Gateway Security Overview

In confidential computing architectures, the gateway serves as the critical security perimeter - the trusted bridge between the external world and the confidential virtual machines (CVMs) operating within trusted execution environments. Unlike traditional network gateways that primarily route traffic, a confidential computing gateway must establish, verify, and maintain cryptographic trust relationships while ensuring that only authenticated and authorized entities can access the secure cluster. The dstack gateway represents a paradigm shift in secure network architecture, combining automated certificate lifecycle management with hardware-backed attestation verification. This creates a zero-trust security model where every connection, whether from external clients or internal CVMs, must be cryptographically verified before being granted access to confidential workloads. Understanding the gateway’s role is fundamental to comprehending dstack’s security model: it’s not just a network entry point, but a comprehensive security orchestrator that manages identity, encryption, and access control for confidential computing environments. Every certificate issued, every attestation verified, and every connection established flows through carefully designed security protocols that maintain the integrity of the entire system.

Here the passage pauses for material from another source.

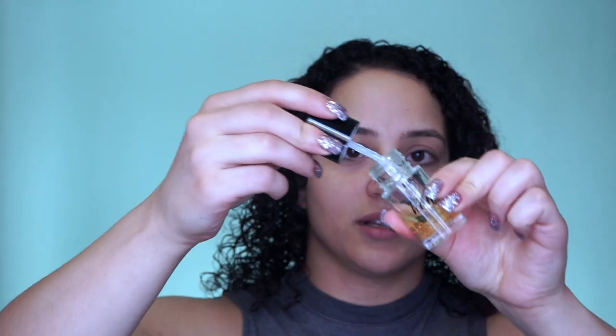Okay, so we are going to start by applying the primer. I am just going to kind of blob this onto the face and then take my hands and work that into the skin.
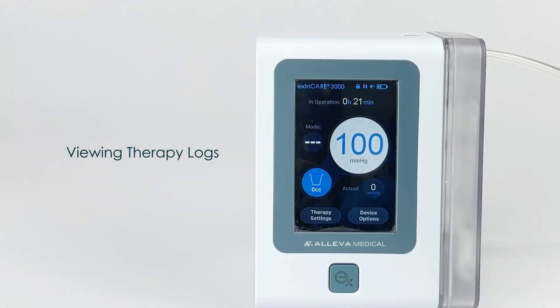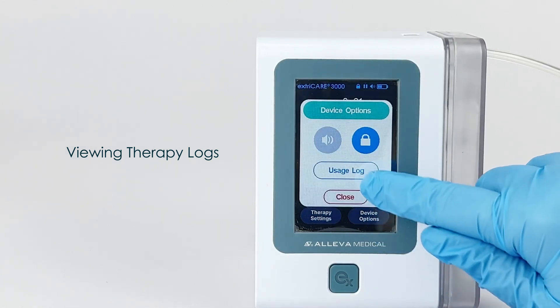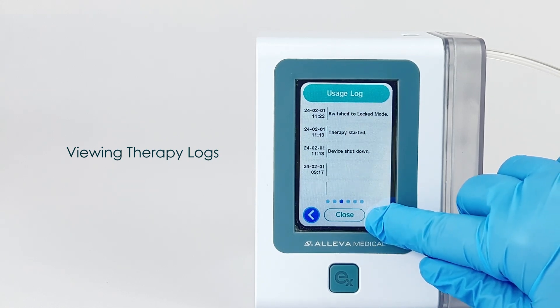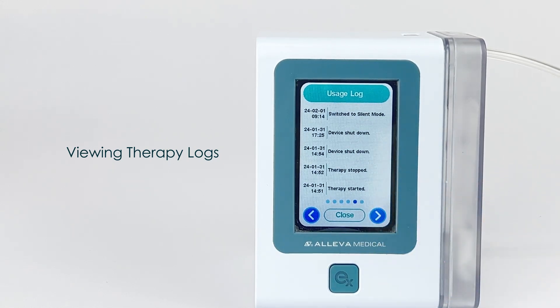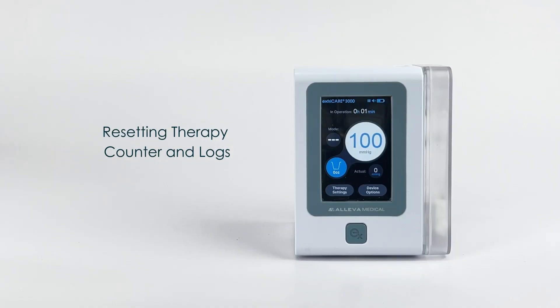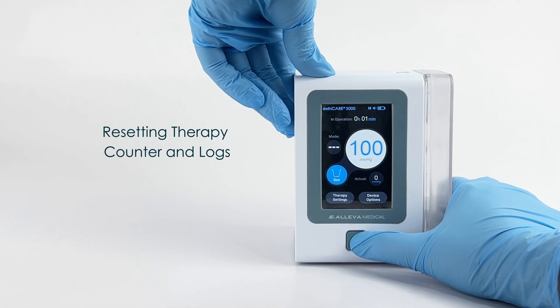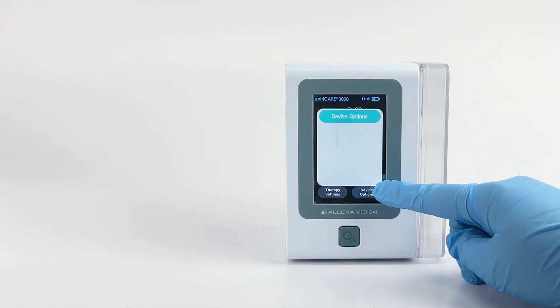Usage Log. The ExtraCare 3000 has the ability to log the date and time of important events during therapy. Examples of such events include when therapy is paused, when an alarm occurs, when therapy is resumed, and when therapy settings are changed. You can view those logs by pressing the device options button on the main page and then pressing the blue outlined usage log button. The unit will display the last 30 events, 6 events per page, starting with the most recent. You can scroll through different pages by pressing the blue arrow buttons. To clear the usage counter and event log for a new therapy or patient, press down on the power button and the EX button at the same time for 3 seconds. The usage counter will reset to 0 and the event log page will be cleared.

Advanced Certificate Management

The dstack gateway implements comprehensive certificate management through an integrated certbot system that handles automatic certificate provisioning and renewal using Let’s Encrypt’s ACME protocol. Certificate management in confidential computing goes far beyond traditional TLS certificates. In dstack’s architecture, certificates serve multiple critical functions: they establish secure communication channels, verify the identity of CVMs through RA-TLS (Remote Attestation Transport Layer Security), and provide cryptographic evidence that can be audited and verified by third parties. The gateway’s certificate management system is designed to handle these complex requirements while maintaining operational simplicity and security. The automated nature of dstack’s certificate management eliminates human error and ensures consistent security posture across the entire cluster. By integrating directly with Let’s Encrypt and DNS providers, the system can respond to security incidents, rotate certificates proactively, and maintain compliance with industry standards without manual intervention.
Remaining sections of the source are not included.